→ What to produce: What lines in the records include the string "Anti"? Return each one.

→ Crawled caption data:
Start of Block

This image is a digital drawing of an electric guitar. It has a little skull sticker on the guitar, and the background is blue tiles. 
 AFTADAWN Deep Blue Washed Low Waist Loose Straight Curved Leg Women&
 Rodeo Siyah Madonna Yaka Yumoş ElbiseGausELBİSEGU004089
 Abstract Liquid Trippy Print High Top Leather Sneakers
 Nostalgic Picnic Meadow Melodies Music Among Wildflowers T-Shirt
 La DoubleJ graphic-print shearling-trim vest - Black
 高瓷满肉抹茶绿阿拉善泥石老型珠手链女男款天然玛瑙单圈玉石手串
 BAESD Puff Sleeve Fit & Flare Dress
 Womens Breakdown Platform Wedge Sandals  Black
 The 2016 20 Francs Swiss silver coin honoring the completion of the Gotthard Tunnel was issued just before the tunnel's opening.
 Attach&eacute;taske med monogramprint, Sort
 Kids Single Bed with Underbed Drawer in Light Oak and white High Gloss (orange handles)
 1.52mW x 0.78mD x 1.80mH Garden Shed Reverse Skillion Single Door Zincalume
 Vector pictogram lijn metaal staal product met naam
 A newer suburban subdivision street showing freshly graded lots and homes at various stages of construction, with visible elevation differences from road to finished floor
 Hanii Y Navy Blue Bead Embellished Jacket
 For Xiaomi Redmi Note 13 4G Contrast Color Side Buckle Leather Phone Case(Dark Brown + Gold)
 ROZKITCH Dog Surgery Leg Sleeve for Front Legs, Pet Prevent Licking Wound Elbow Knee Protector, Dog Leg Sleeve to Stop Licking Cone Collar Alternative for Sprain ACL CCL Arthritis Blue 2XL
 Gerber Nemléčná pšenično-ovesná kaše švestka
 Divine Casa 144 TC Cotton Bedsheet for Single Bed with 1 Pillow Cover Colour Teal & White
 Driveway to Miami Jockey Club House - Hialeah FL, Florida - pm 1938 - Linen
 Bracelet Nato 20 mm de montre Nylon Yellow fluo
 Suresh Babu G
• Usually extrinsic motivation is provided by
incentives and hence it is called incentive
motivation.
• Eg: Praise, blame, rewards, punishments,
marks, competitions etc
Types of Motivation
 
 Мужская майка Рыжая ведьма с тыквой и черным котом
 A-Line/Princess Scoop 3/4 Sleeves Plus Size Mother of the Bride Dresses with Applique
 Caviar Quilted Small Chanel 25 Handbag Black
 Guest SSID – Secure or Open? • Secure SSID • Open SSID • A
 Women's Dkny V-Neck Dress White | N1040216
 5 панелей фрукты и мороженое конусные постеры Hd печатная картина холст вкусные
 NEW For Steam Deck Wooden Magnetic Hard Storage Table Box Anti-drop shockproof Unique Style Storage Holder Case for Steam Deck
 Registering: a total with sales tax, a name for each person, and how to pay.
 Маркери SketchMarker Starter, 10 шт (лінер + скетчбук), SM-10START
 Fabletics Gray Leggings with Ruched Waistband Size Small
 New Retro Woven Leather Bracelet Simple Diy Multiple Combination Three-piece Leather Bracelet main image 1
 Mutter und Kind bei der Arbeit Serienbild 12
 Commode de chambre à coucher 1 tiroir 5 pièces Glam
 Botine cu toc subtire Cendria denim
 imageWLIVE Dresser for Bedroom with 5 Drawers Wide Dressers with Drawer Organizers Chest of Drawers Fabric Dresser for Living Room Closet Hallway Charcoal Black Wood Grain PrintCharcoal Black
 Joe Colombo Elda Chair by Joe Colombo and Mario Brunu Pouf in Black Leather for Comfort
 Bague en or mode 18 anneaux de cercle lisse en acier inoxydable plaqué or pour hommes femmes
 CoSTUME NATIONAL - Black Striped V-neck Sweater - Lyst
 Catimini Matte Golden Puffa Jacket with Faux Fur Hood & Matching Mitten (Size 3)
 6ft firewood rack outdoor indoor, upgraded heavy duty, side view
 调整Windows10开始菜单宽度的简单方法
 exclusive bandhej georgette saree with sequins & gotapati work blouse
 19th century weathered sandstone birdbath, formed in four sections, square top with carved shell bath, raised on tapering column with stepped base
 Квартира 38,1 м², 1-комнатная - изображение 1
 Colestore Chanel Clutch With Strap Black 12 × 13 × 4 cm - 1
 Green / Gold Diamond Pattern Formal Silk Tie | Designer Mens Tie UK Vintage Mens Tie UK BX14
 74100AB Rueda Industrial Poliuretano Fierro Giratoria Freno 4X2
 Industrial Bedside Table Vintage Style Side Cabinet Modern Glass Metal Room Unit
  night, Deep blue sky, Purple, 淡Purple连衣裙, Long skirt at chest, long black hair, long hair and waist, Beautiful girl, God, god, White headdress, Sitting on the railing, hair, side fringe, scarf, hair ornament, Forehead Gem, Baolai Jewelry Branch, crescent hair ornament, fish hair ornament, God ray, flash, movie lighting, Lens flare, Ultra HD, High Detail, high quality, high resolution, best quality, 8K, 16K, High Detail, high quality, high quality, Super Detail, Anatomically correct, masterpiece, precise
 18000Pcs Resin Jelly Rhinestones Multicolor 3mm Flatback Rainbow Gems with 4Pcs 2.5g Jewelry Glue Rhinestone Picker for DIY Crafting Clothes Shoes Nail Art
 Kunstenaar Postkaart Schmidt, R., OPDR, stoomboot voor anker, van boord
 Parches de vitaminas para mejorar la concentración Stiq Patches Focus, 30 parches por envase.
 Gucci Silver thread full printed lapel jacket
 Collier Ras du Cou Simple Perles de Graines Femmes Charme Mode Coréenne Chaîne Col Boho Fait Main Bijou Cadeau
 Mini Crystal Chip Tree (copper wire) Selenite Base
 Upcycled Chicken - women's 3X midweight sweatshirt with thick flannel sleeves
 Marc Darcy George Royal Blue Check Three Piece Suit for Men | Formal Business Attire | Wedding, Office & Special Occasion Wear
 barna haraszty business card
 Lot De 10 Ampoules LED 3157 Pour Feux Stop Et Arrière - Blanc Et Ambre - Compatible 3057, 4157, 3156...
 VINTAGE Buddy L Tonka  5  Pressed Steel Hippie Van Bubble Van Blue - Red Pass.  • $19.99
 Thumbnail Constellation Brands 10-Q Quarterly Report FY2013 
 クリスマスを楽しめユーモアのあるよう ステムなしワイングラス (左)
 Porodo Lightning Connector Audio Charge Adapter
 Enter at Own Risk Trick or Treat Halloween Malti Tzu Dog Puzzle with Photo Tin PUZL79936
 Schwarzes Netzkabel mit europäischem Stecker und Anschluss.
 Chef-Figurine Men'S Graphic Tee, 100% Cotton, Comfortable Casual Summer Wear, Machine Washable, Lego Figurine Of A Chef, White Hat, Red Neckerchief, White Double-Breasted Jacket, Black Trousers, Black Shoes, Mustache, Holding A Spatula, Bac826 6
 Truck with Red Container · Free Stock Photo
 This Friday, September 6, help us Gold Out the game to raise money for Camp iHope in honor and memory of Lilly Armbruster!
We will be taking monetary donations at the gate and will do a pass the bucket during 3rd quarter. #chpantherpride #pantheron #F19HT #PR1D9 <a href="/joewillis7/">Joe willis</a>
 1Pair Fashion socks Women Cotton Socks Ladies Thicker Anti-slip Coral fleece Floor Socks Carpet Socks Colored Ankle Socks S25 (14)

End of Block

→ Result:
 NEW For Steam Deck Wooden Magnetic Hard Storage Table Box Anti-drop shockproof Unique Style Storage Holder Case for Steam Deck
 1Pair Fashion socks Women Cotton Socks Ladies Thicker Anti-slip Coral fleece Floor Socks Carpet Socks Colored Ankle Socks S25 (14)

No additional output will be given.